BALTIMORE -- Catholic Relief Services has announced that is resuming operations in Western Darfur more than two months after evacuating its staff.
A statement on the CRS website March 28 said the agency was working with local government officials to ensure food distribution began immediately, and it expressed appreciation "for support."
Two days earlier, the agency announced that the government had asked CRS to leave because it said it could not guarantee staffers' security. CRS remained in Darfur in 2009 when the government expelled 13 other aid agencies.
In mid-January, more than a dozen CRS workers were evacuated from a remote area of Western Darfur to the Sudanese capital of Khartoum with the help of the United Nations after receiving "indications of threats." A CRS spokeswoman discounted rumors that the agency had been distributing Bibles in the area.
The threats and evacuation came less than two weeks after the start of an independence referendum in Southern Sudan in which voters overwhelmingly voted to separate from the North. CRS worked to support programs, such as peace-building initiatives and distribution of radios to people, so they could educate themselves about the referendum.
CRS has worked in Sudan since 1972 and first began responding to the Darfur crisis in 2004. The agency had said if it had closed its food program, more than 400,000 people would have been without food aid.

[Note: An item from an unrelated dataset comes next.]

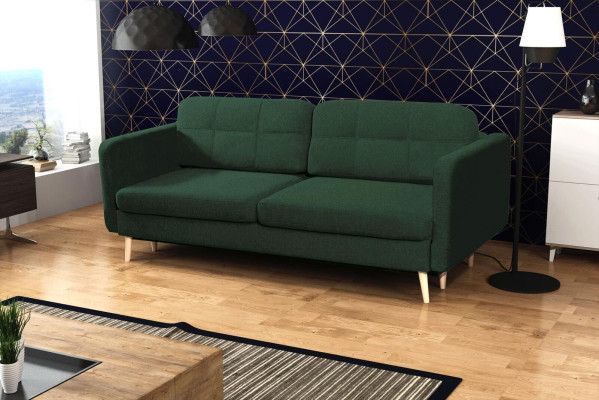 Sofa bed Luxury Designer Sofa 3 Seater Furniture Upholstery Textile Blue e Couchen Corner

In mid-March, U.N. officials said more than 70,000 people had fled fighting in Darfur, increasing the numbers of displaced. Officials said one camp near El Fasher had approximately 170,000 displaced Sudanese.
The agency's work in Darfur began after two insurgent groups largely aligned with African farming communities formed to fight what they claimed was the region's historical marginalization from the Arab-dominated central government, as well as to lay their claim for a rightful share of the region's mineral wealth.
The government responded by arming Arab nomads, ostensibly to counter the threat of the insurgency. Yet Arab militias -- known as Janjaweed, or "devils on horseback" -- also turned their weapons against innocent civilians.